Records from a data collection
»»

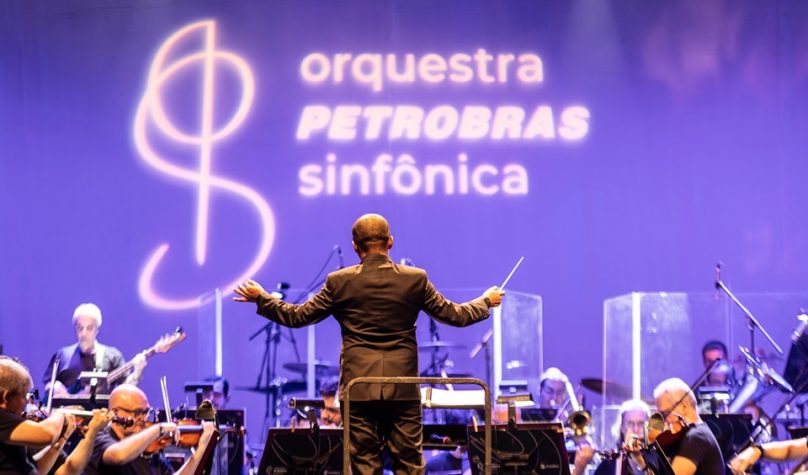 Foto: Reprodução/Instagram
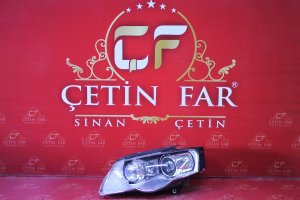 vw,passat,b6,xenon,sol,far,sifir,orijinal,2005-2011,vw passat b6 xenon,sol far sifir orijinal 2005-2011,vw passat b6 xenon sol far sifir orijinal 2005-2011,3c0941753gf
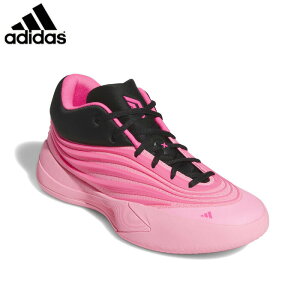 adidas/AfB_X oXPbg{[ oXPbgV[Y [ki5996 DAMEX(fC10)] obV_fC~AE[h/2025FW ylR|Xsz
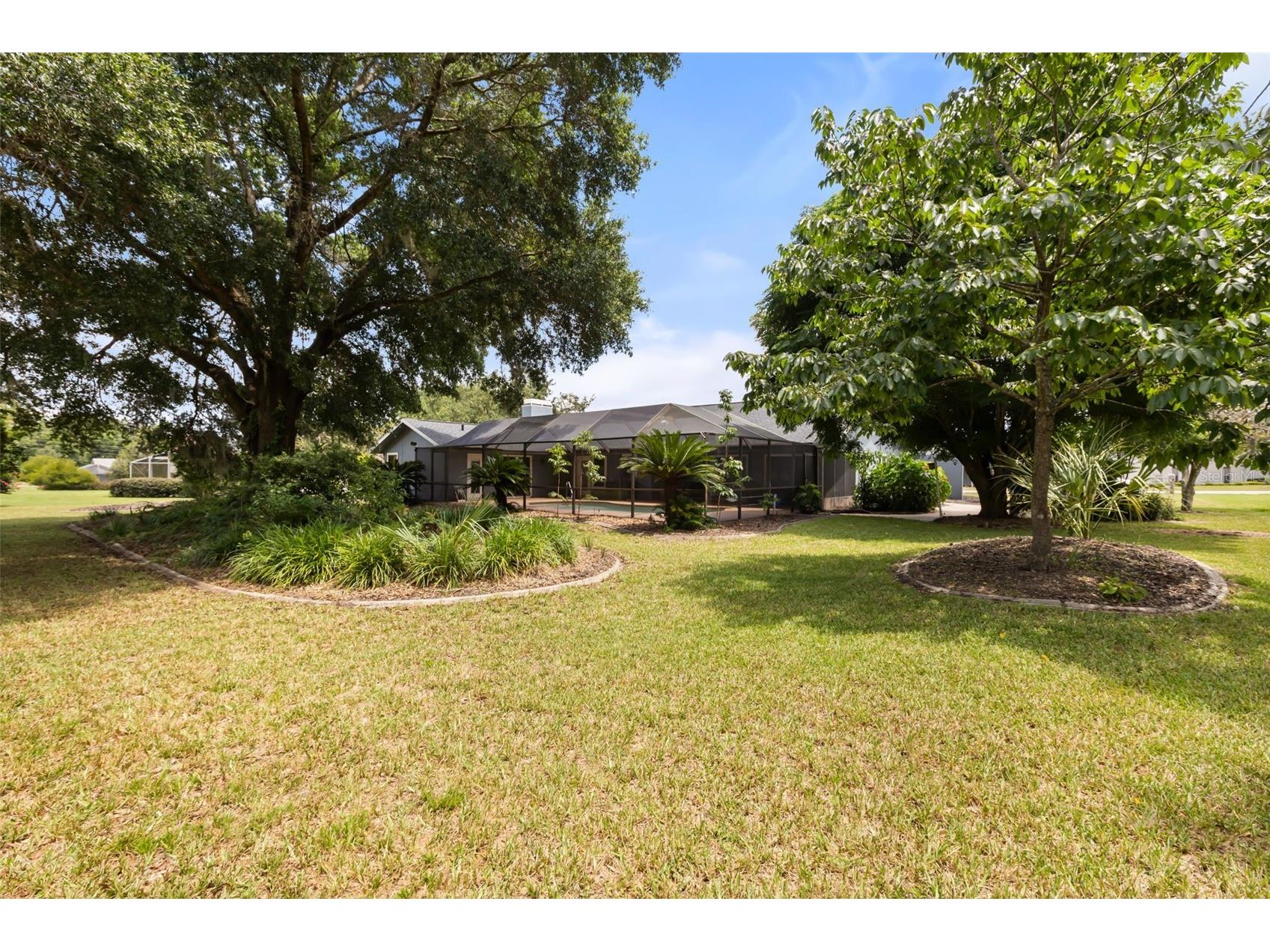 751 E Gilchrist Court Hernando FL 34442 TB8507612 image71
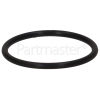 Karcher WV2 Premium O-ring Seal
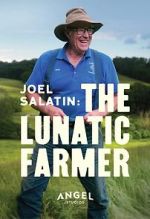 Watch The Lunatic Farmer Watch123movies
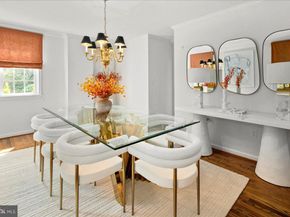 7058 Idylwood Road, Falls Church VA 22043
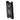 sec_5_1S400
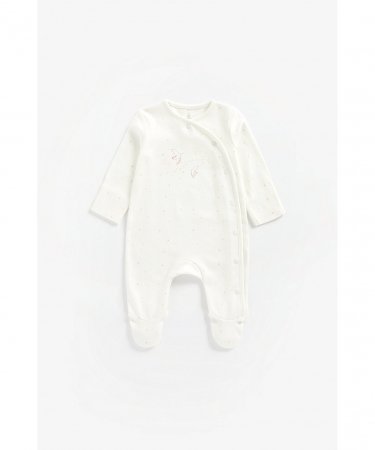 MOTHERCARE pükskostüüm, ZA353 548974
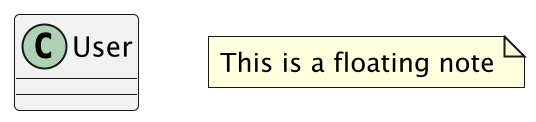 ../../_images/uml-notes-floating.png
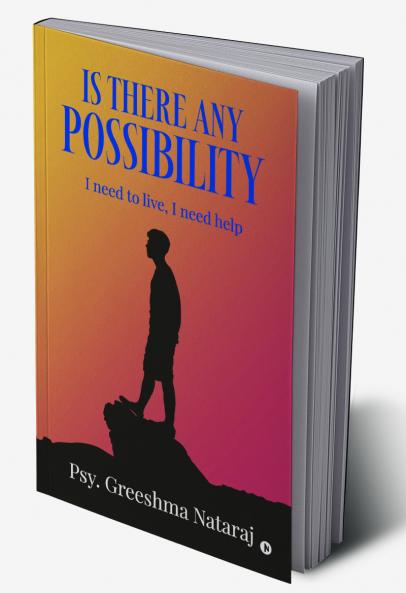 PMHNP Certification Review Book 2025-2026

««

** WHAT IS NEEDED **
Skipping any pictures, copy the line that holds "DAMEX(fC10)] obV_fC~AE[h/2025FW ylR|Xsz" and each line after it through the last line of the records, unchanged, and no other lines.

** WRITTEN RESPONSE **
 adidas/AfB_X oXPbg{[ oXPbgV[Y [ki5996 DAMEX(fC10)] obV_fC~AE[h/2025FW ylR|Xsz
 751 E Gilchrist Court Hernando FL 34442 TB8507612 image71
 Karcher WV2 Premium O-ring Seal
 Watch The Lunatic Farmer Watch123movies
 7058 Idylwood Road, Falls Church VA 22043
 sec_5_1S400
 MOTHERCARE pükskostüüm, ZA353 548974
 ../../_images/uml-notes-floating.png
 PMHNP Certification Review Book 2025-2026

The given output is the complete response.